According to Coletha Ruhamya, the deputy director general of REMA, the Automatic Weather Stations   worth about US$ 800,000 (approx Rwf510.5m) will enable various organisations to monitor and address issues relating to weather changes.

Ruhamya disclosed this in Kigali yesterday as she opened a training workshop for officers from different institutions on the use of the  Automatic Weather Stations.

“Early action can help prevent loss of life and damage to infrastructure.

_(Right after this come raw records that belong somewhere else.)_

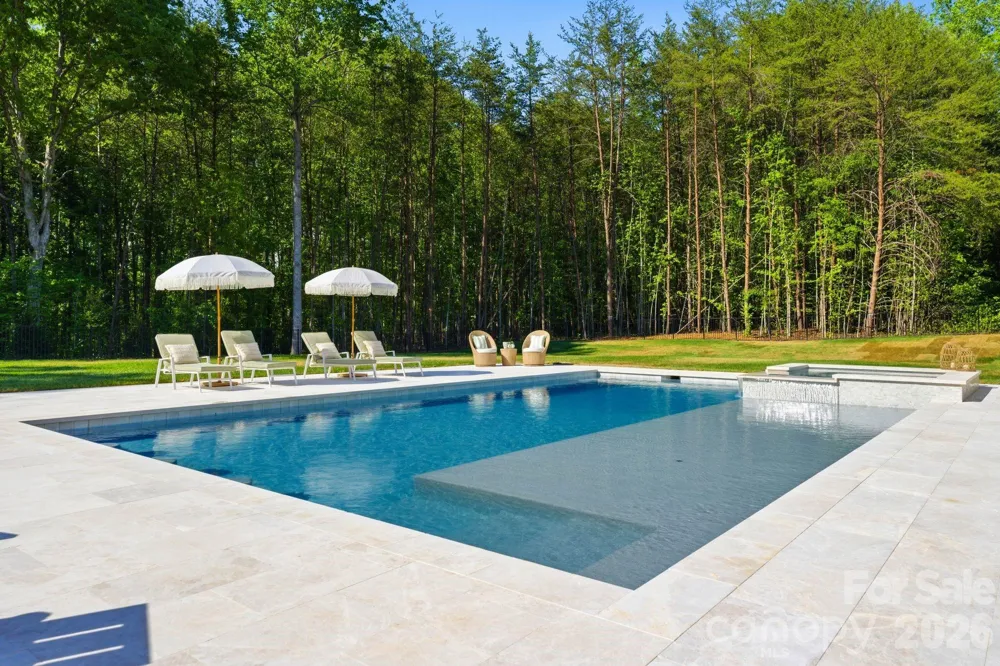 3035 Maple Way Drive Davidson, NC 28036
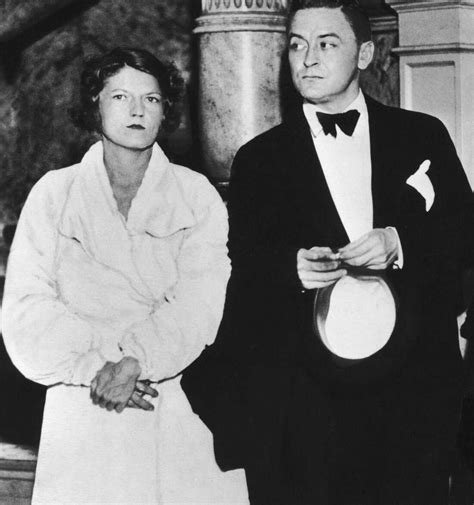 Zelda Fitzgerald 1920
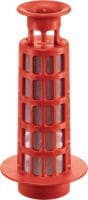 Filtr zbiornikowy LS 15-22 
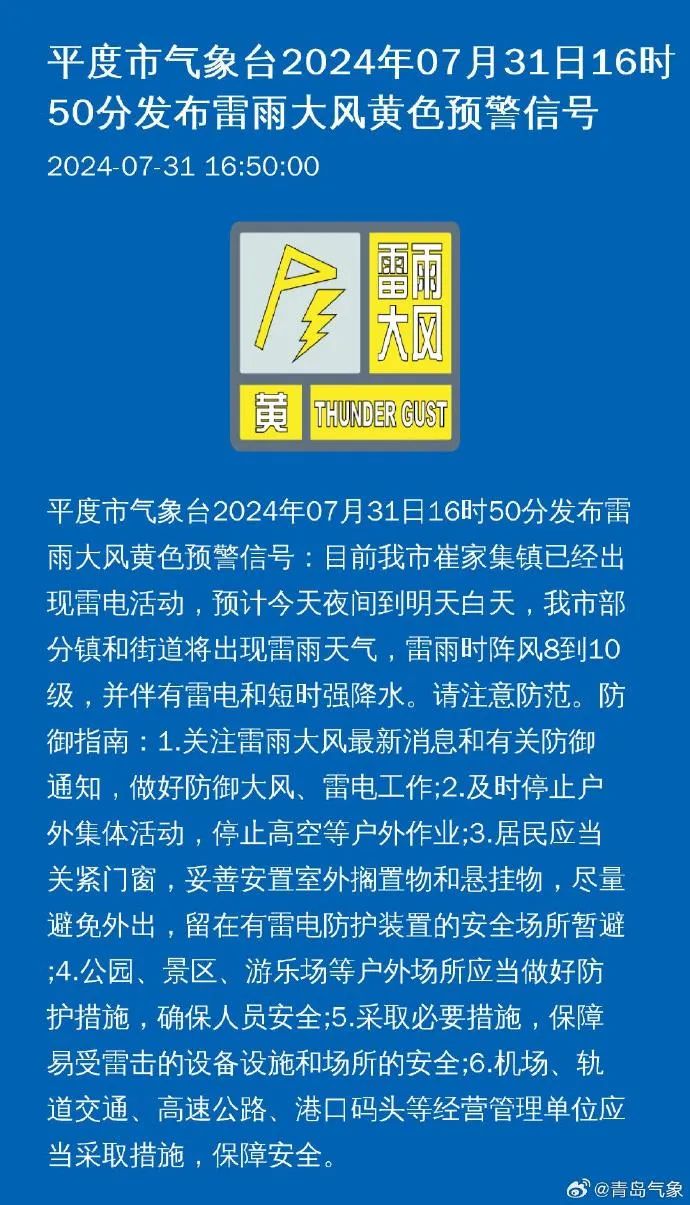 不锈钢金属网带 第361页
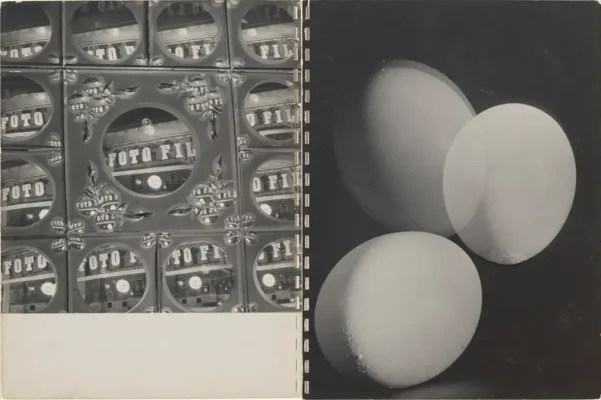 rober-frank-40-fotos-9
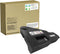 C400 C405 Waste Toner Cartridge Collection Container Box | 30000 Pages for Xerox VersaLink Printers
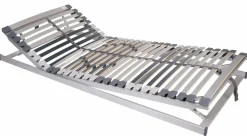 Discount Lattenrost BASIC PLUS KF Matratzen & Lattenroste|Rahmen & Lattenroste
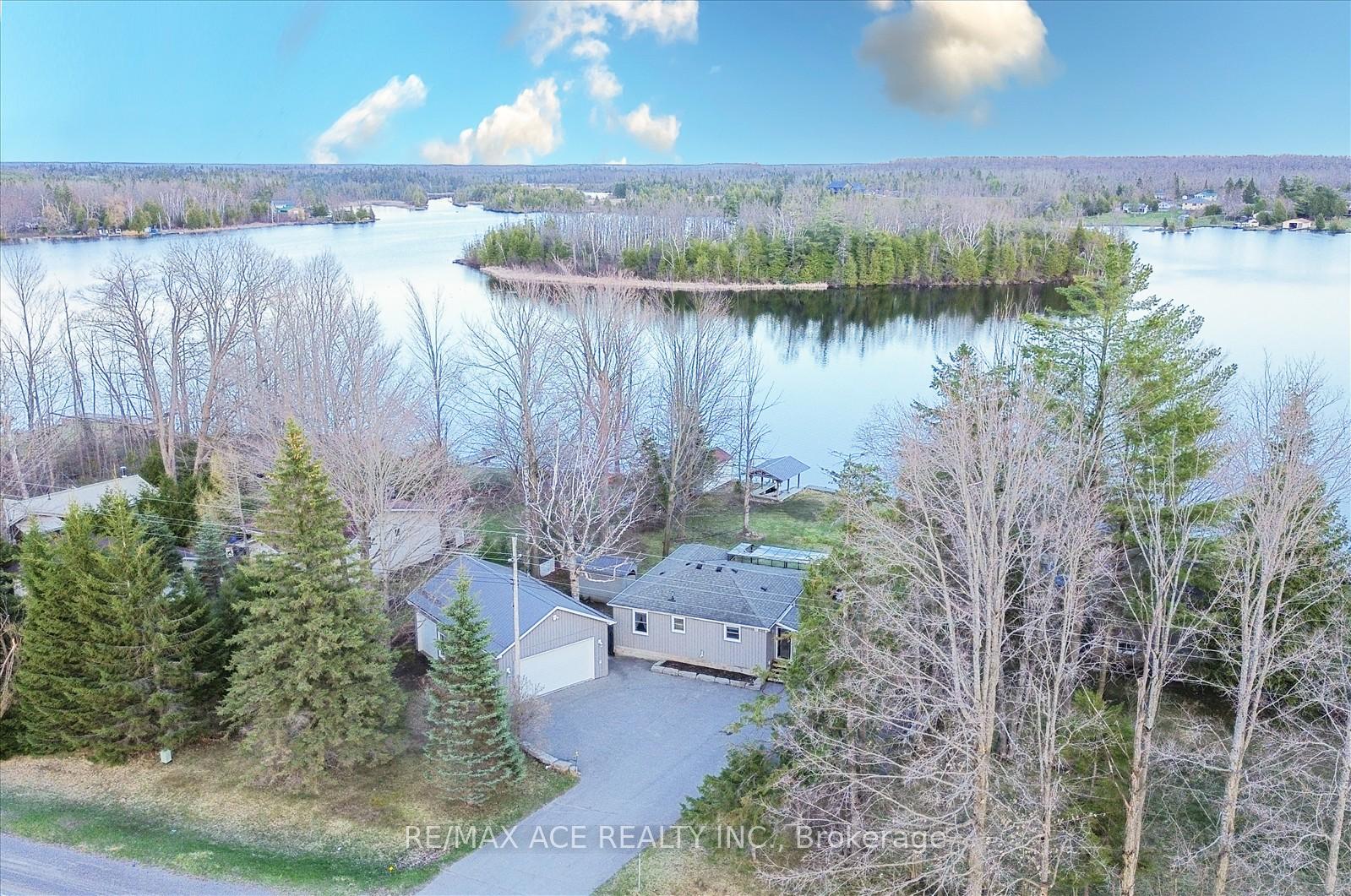 1308-portage-road-kawartha-lakes-ontario-x12109038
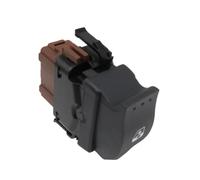 Window Lifter Control Switch Compatible With Master For Trafic II MK2 2001-2005 2006 2007 2008 2009 2010 2011 2012 2013 2014 2015 Window Switch Control Button 8200057321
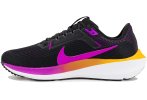 Nike Air Zoom Pegasus 40 Damen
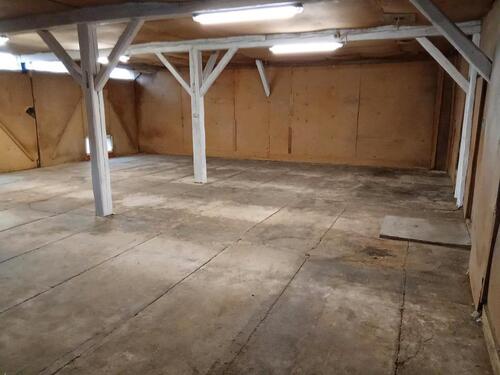 Foto - andere in Bondorf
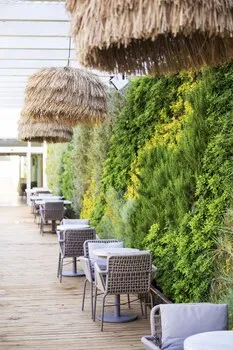 Babana Hotel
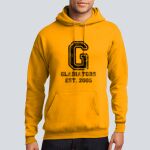 Adult Hoodie - Goynes Thumbnail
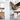 Maple Timber Free Standing Vanity - Hera Bathware X BNK CB - 43075 | 750mmCabinet Only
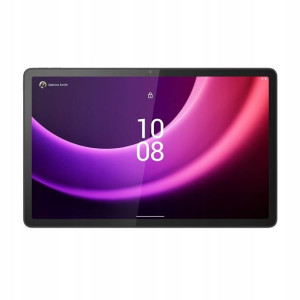 Tablet Lenovo Tab P11 G99 11.5” 6/128GB Android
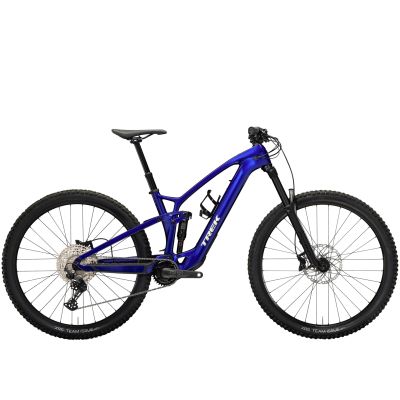 TREK FUEL EXe 9.5 (2023) TREK FUEL EXe 9.5 (2023)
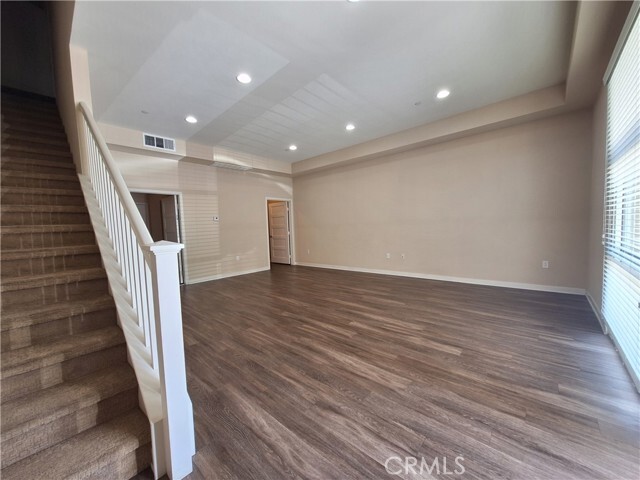 Building Photo - 1504 W Artesia Square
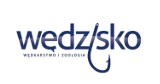Logo firmy Wędzisko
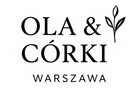 Ola & Córki Warszawa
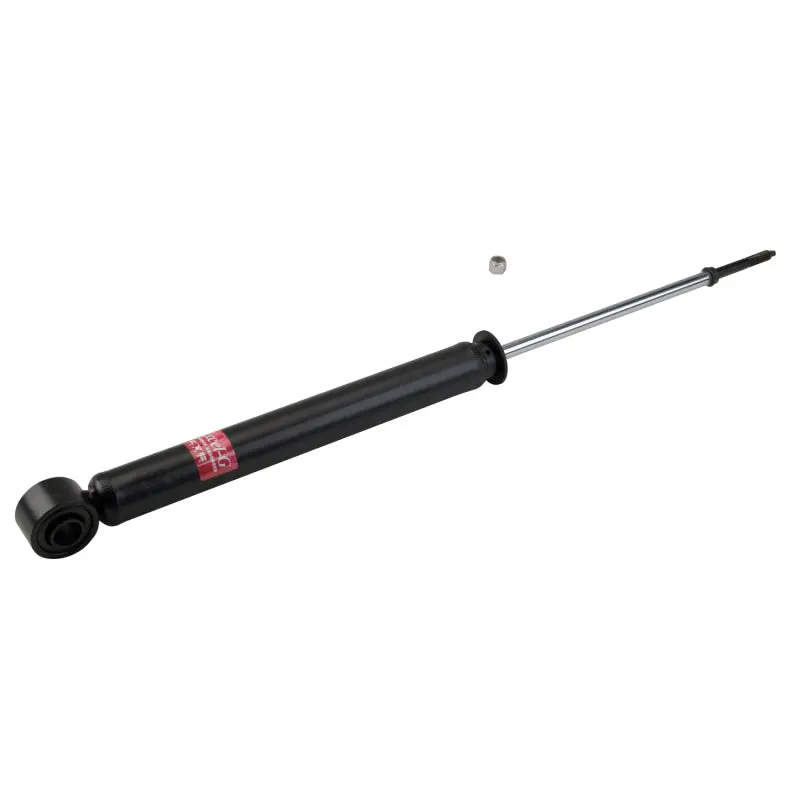 Kyb Excel-G Rear Shock Absorber For 2000–2005 Toyota Echo 1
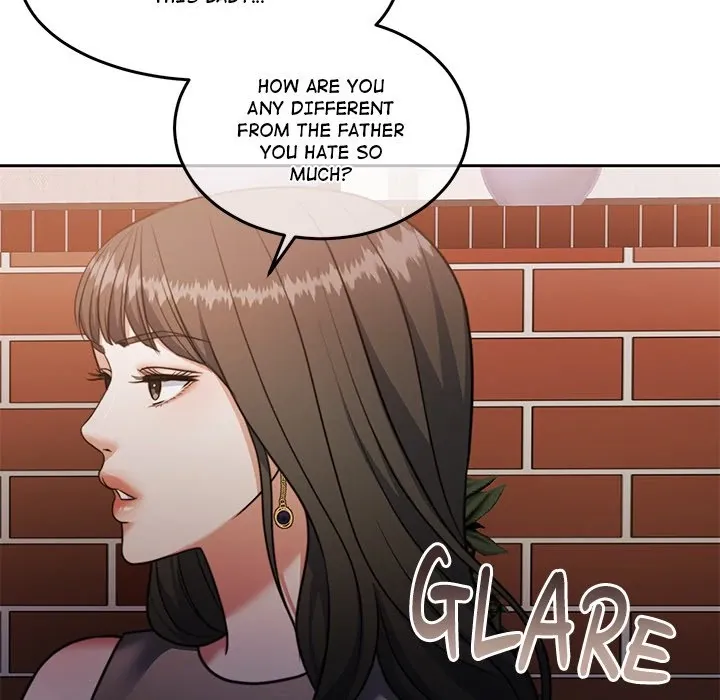 Pregnancy Contract Chapter 40 page 253 - 
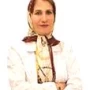 Dr. Rabab Mohammad Beigi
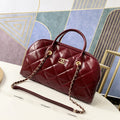 Chanel Bags - CHL Bags - 879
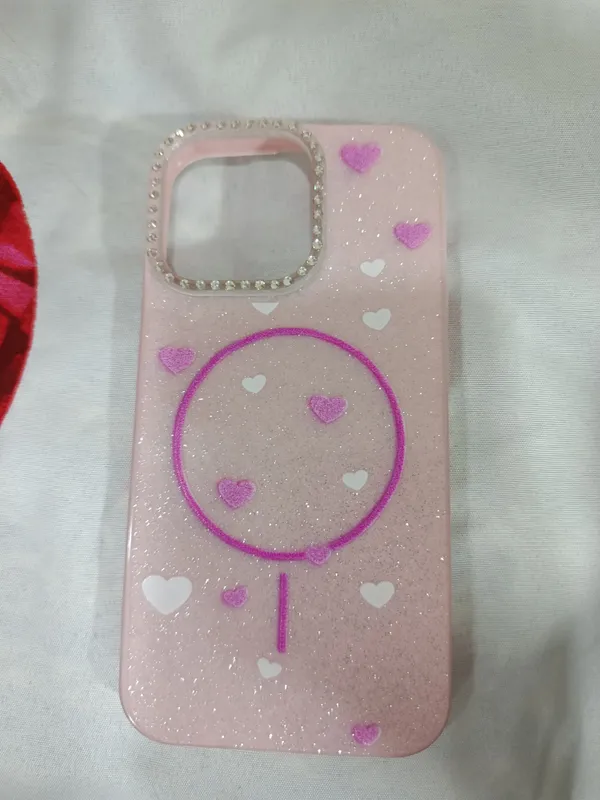 iphone 13 pro uchun chexol 4 iphone 13 pro uchun chexol 4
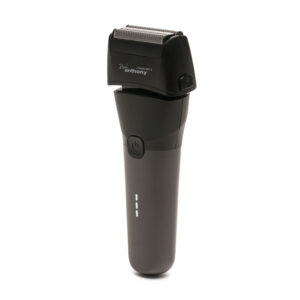 Paul Anthony 'Lithium Pro 2' USB Wet & Dry Lithium Foil Shaver with Trimmer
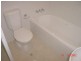 Unit 10/53 Campbell Parade, Manly Vale NSW 2093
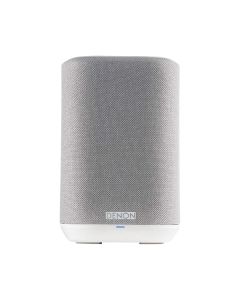 Denon Home 150 BKE2 - Bluetooth- & Multiroom (HEOS Built-In)-Speaker- schwarz - produkt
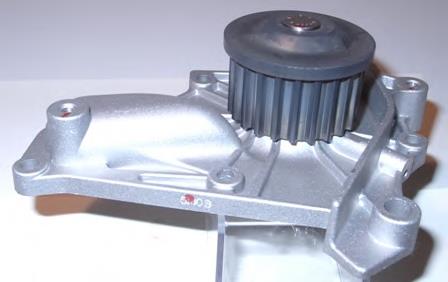 Bomba de agua P706 Hepu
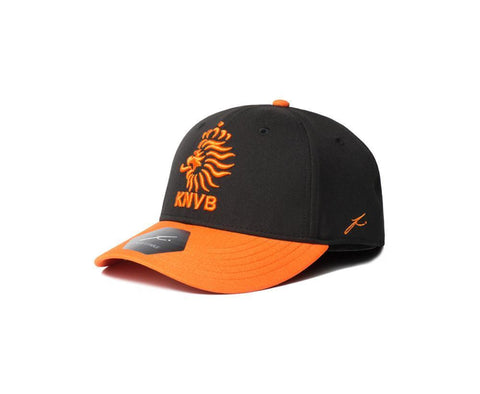 Boné ajustável Netherlands Core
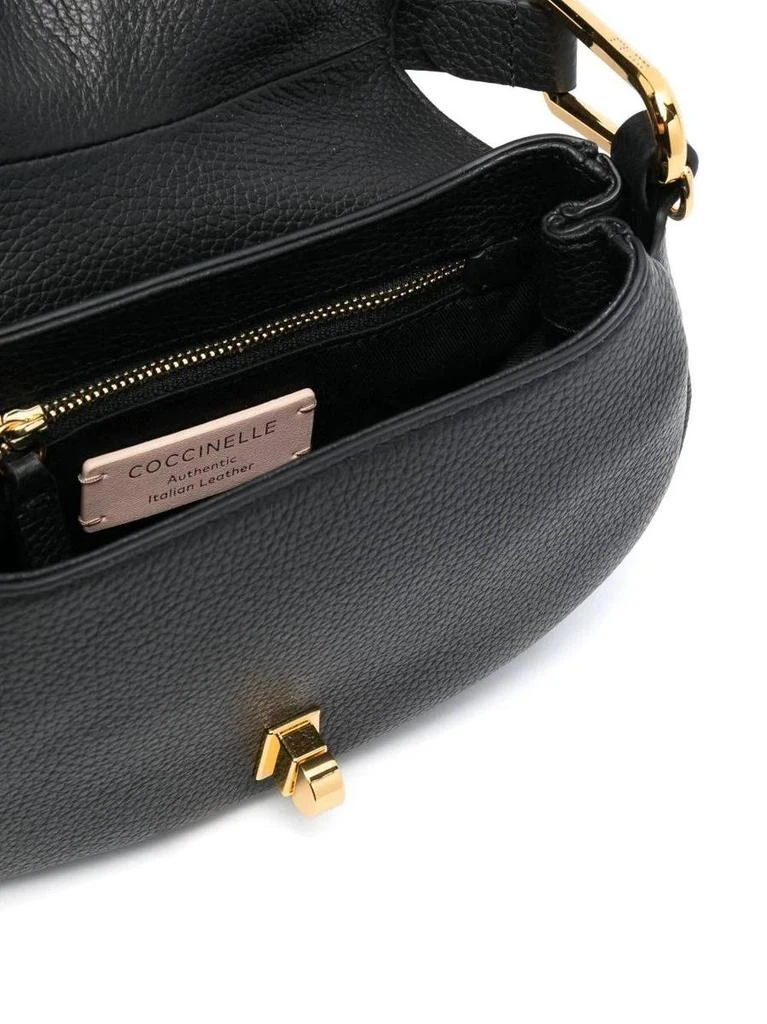 Coccinelle Coccinelle Bags.. 4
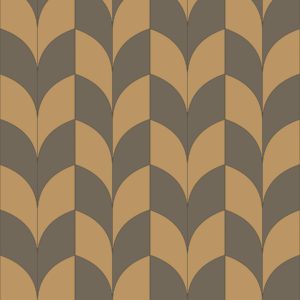 Французские обои Casadeco, коллекция Belle Epoque, артикул BEEP82252208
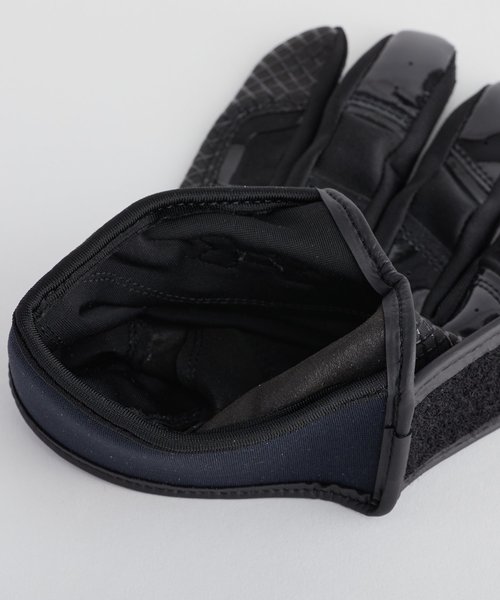 UAN[Abv obeBOO[u mJ[ix[X{[/MENj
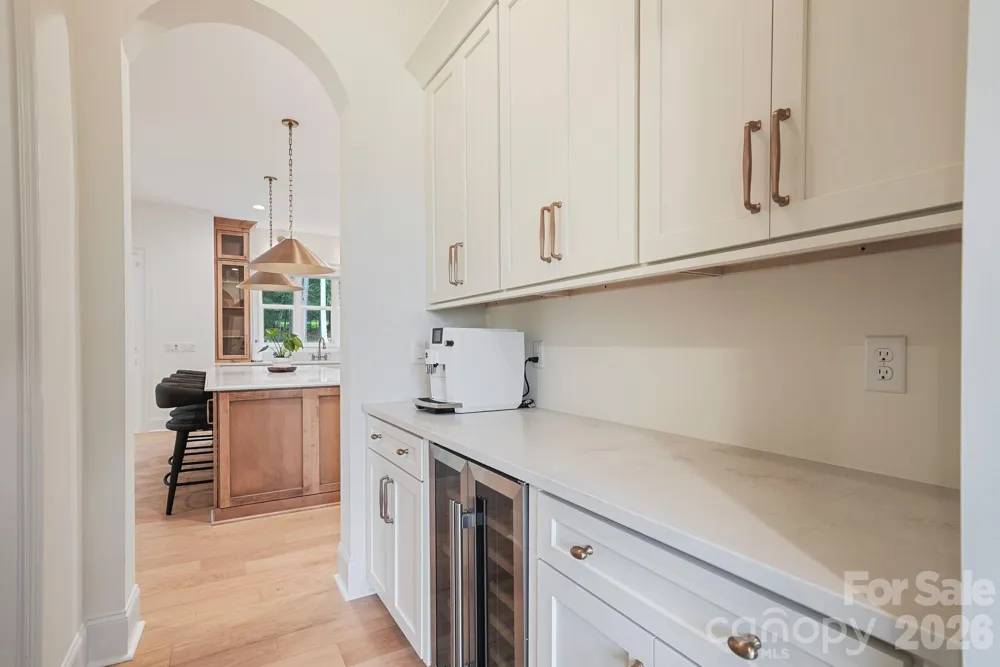 6528 Great Blue Path Clover, SC 29710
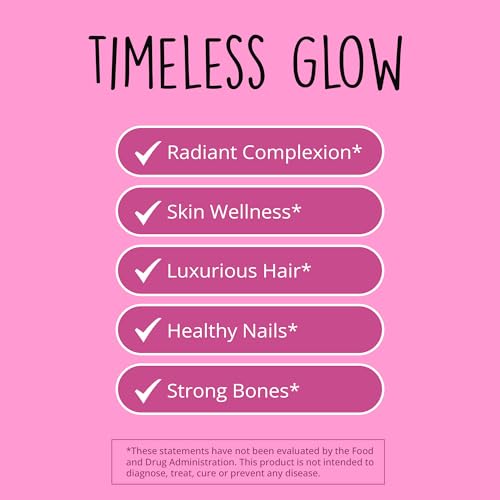 happy-healthy-hippie-glow-for-it-astaxan-3.jpg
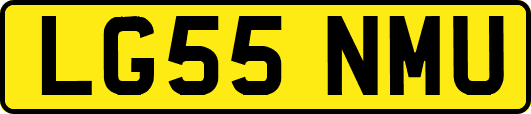 LG55NMU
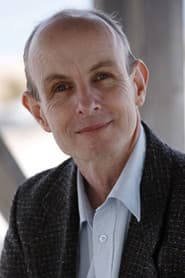 Kingsley Judd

The stations will also help to prepare for disasters and take the appropriate measures at the right time,” she said.

According to Ruhamya, the new equipment will minimise effects of abrupt weather changes during the season which normally affect growth and crop yields.

The system will also help determine delays in rains, untimely or excessive rains, droughts, or spells of too-high or too-low temperatures.

Seven of the 22 stations, according to Alphonse Mutabazi, the Climate Change Programme Manager at Rema, will serve to ascertain the level and the temperature of water whereas the remaining ones are for monitoring the temperature and humidity of soil.

Besides the 22 stations, two other mobile facilities will be used to check their efficiency.

Mutabazi said the equipment are fixed with SIM cards and gather the information on weather which it sends to a server in Rwanda Meteorological Agency, which, in turn,  shares it with the Ministry of Disaster Management and Refugees Affairs (Midimar) and other relevant institutions for timely response in case of disaster warning.

According to Mutabazi, the new warning systems are expected to reduce the consequences of climate change by 50 per cent and that there are two technicians to look after the tools.

Timely


The equipment, according to Faustin Munyazikwiye, Director of Climate Change, International Obligations Unit at Rwanda Meteorological Agency are timely as they will reinforce the existing ones.

“If the number of equipment to predict weather change increases, the weather forecast becomes more accurate and effective too and people can do their routines in safety,” Munyazikwiye said.

According to Midimar, 37 people have died countrywide and another 45 sustained injuries due to natural disasters, mainly floods and landslides caused by heavy rains between January and April.

Over 1,600 houses and 660 hectares of crops were also destroyed over the same period of time.

One of the equipment will be stationed in Bigogwe, Nyabihu district, one of the disaster prone- areas where floods have previously claimed lives and destroyed crops.  Others will be stationed in Nyagatare, Kirehe, in Eastern Province and Rutongo in Kigali among other places.